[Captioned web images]

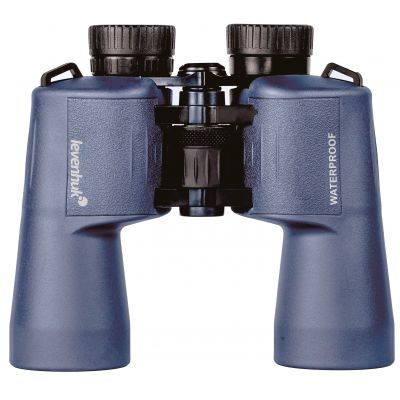 Армейский полевой бинокль Levenhuk New Sherman PLUS 12x50 - купить по специальной цене в интернет-магазине "Уют в доме"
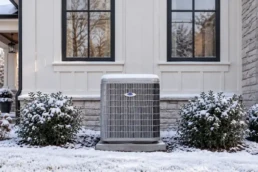 EMCO Tech Carrier Infinity Heat Pump Installation in Willow Grove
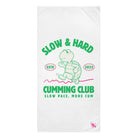 Slow & Hard | Mix & Match XL Fun-Flirty Lovers’ Towels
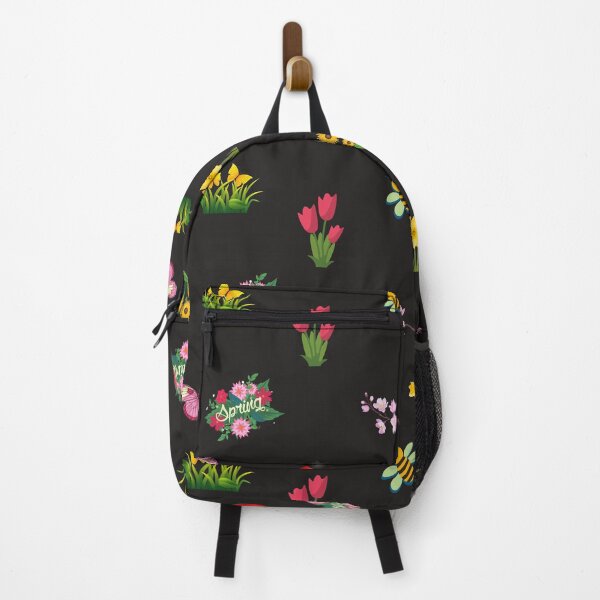 Item preview, Spring Flowers and Bugs designed and sold by silviaol.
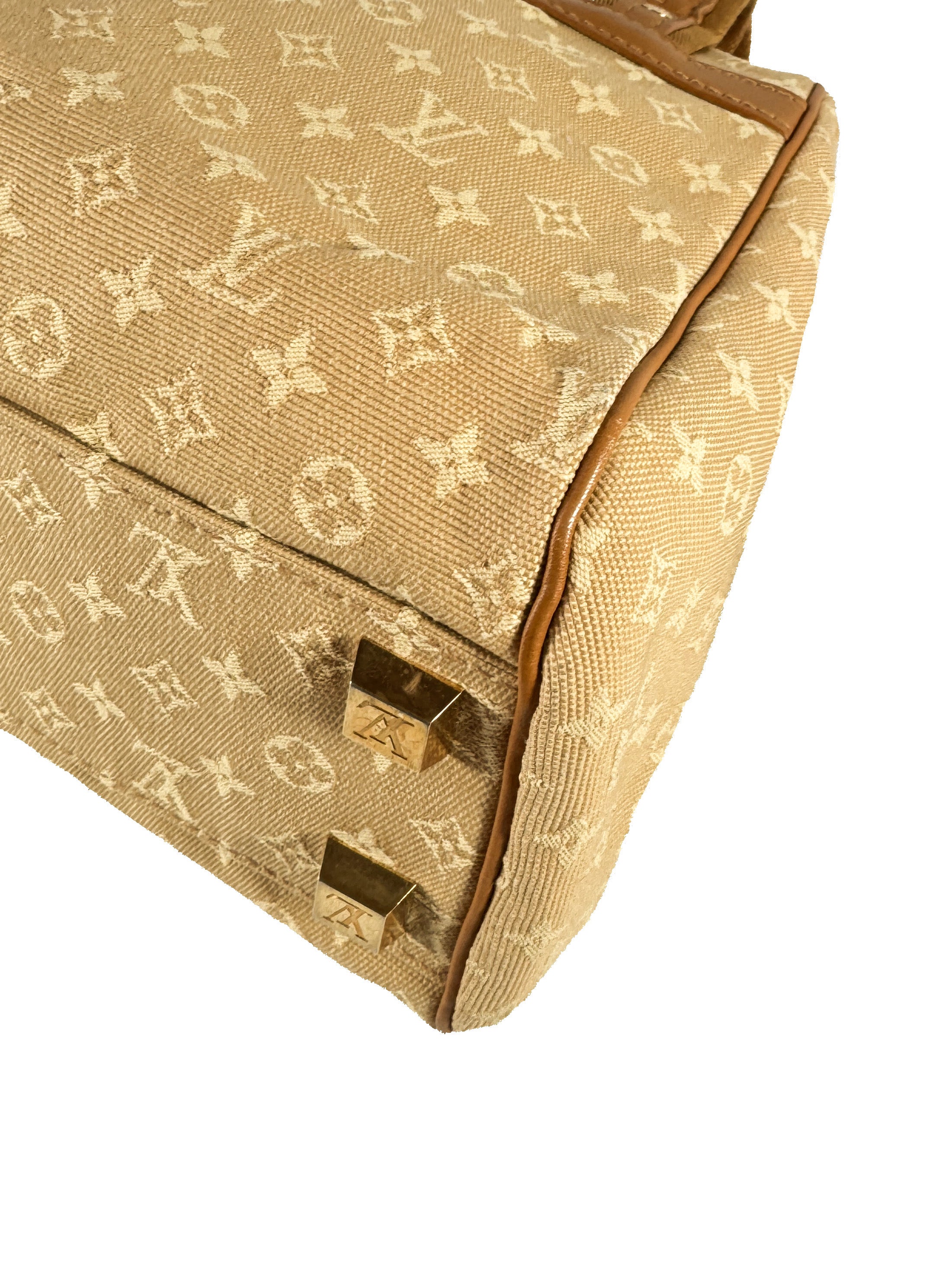 Louis Vuitton monogram Josephine PM VI0054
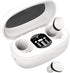 Invisible Sleep Headphones?Small Wireless Sleep Earbuds for Side Sleepers?Sleepbuds Comfortable Noise Blocking,IPX6 Waterproof Tiny Headphones for...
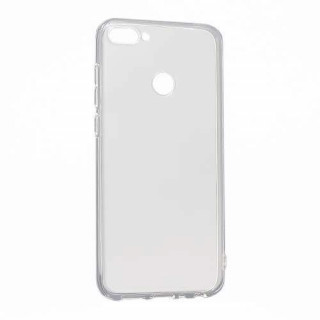 Futrola ULTRA TANKI PROTECT silikon za Huawei Honor 9N (9i) providna (bela) 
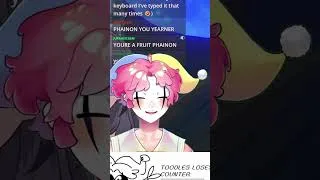 Thumbnail: EN Phainon VA's Favorite 3.0 Line #honkai #honkaistarrail #hsr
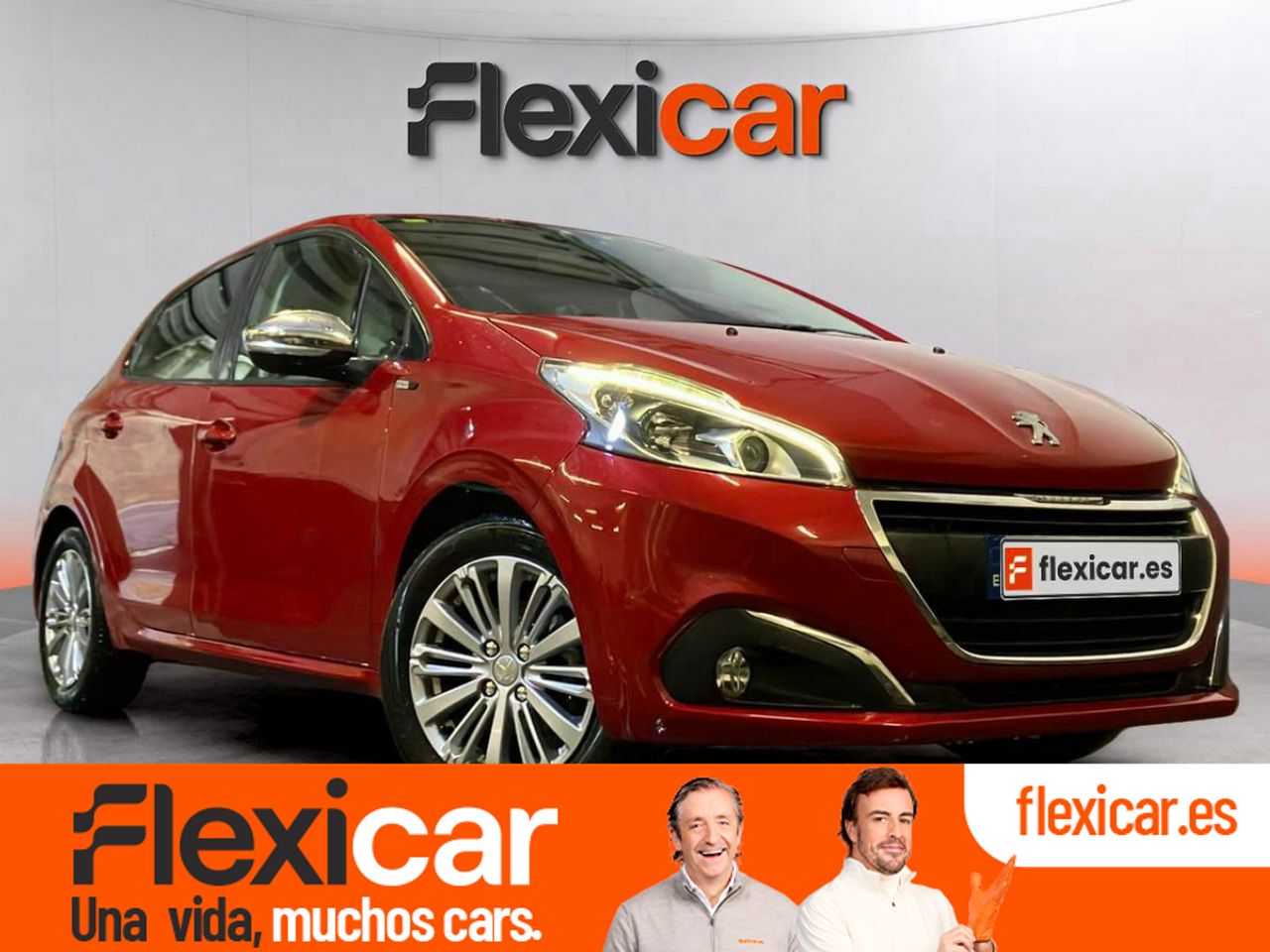 Foto peugeot 208 2016 /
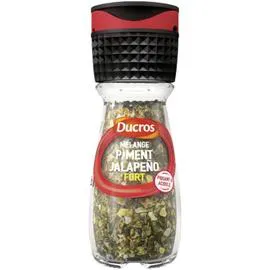 DUCROS Mélange piment jalapeno 20g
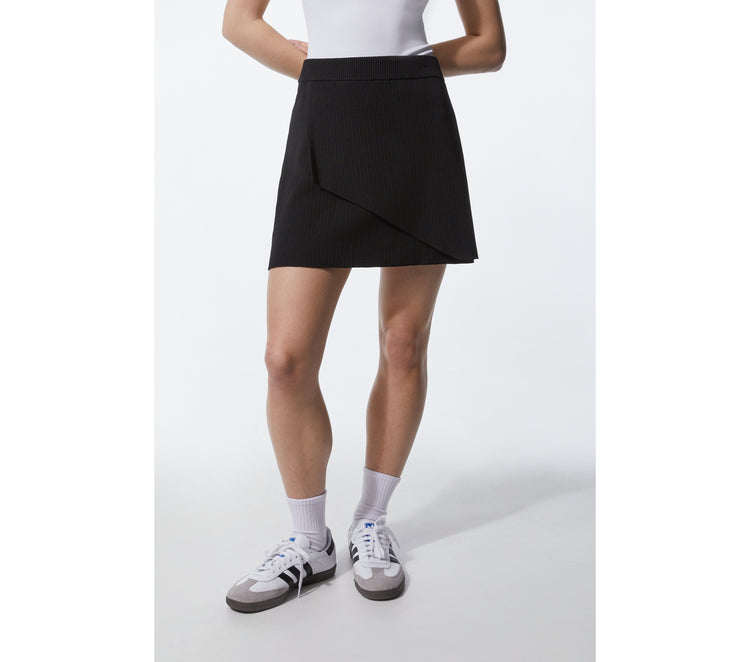 Noni B A-Line Linen Button Skirt | EziBuy NZ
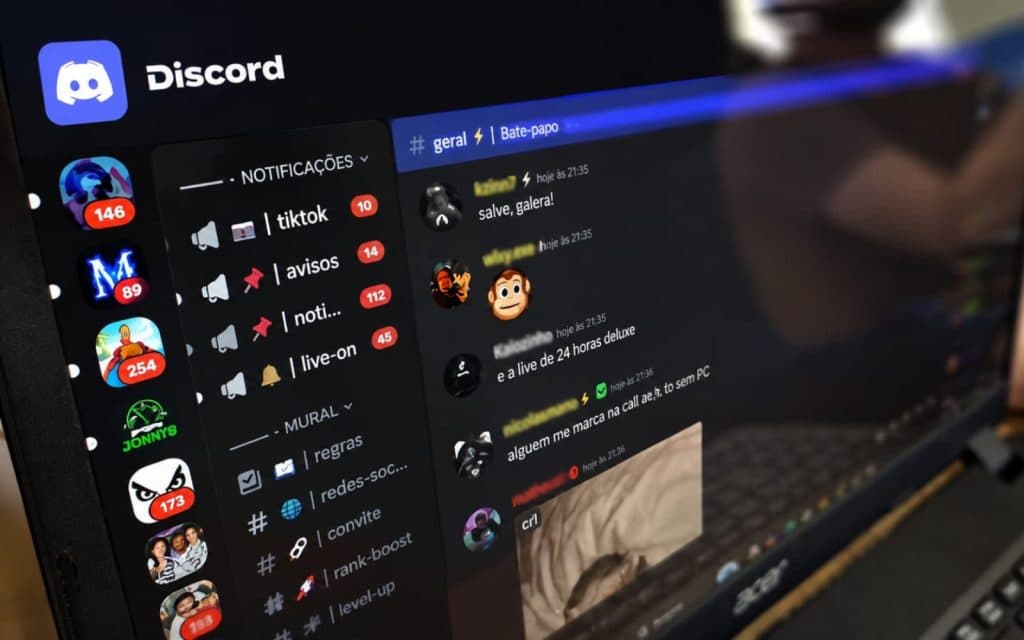 Discord: o que é o aplicativo que Janja quer proibir no Brasil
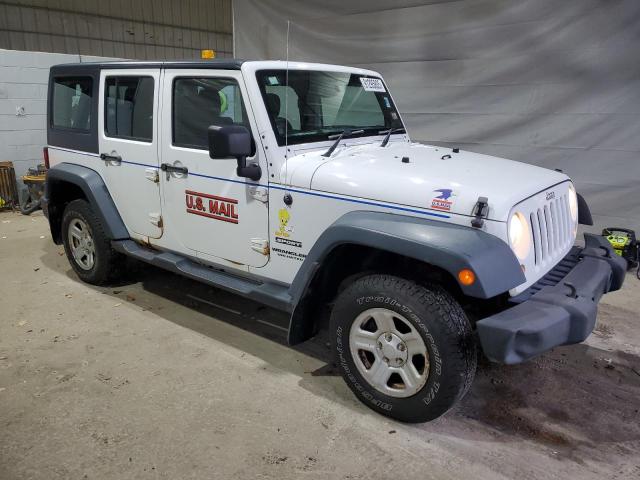 2014 Jeep Wrangler U მანქანა იყიდება აუქციონზე, vin: 1C4BJWKG9EL148723, აუქციონის ნომერი: 91295805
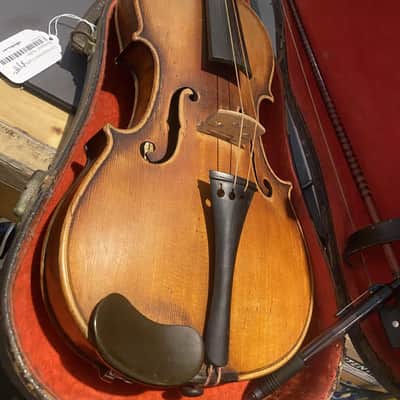 Consignment Carlo Bergonzi Violin - image 1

* **Try it**: The response must match the data line for line, from its first line through the line with "Invisible Sleep Headphones?Small", inclusive, and must leave out the pictures.

* **Finished task**:
 Армейский полевой бинокль Levenhuk New Sherman PLUS 12x50 - купить по специальной цене в интернет-магазине "Уют в доме"
 EMCO Tech Carrier Infinity Heat Pump Installation in Willow Grove
 Slow & Hard | Mix & Match XL Fun-Flirty Lovers’ Towels
 Item preview, Spring Flowers and Bugs designed and sold by silviaol.
 Louis Vuitton monogram Josephine PM VI0054
 Invisible Sleep Headphones?Small Wireless Sleep Earbuds for Side Sleepers?Sleepbuds Comfortable Noise Blocking,IPX6 Waterproof Tiny Headphones for...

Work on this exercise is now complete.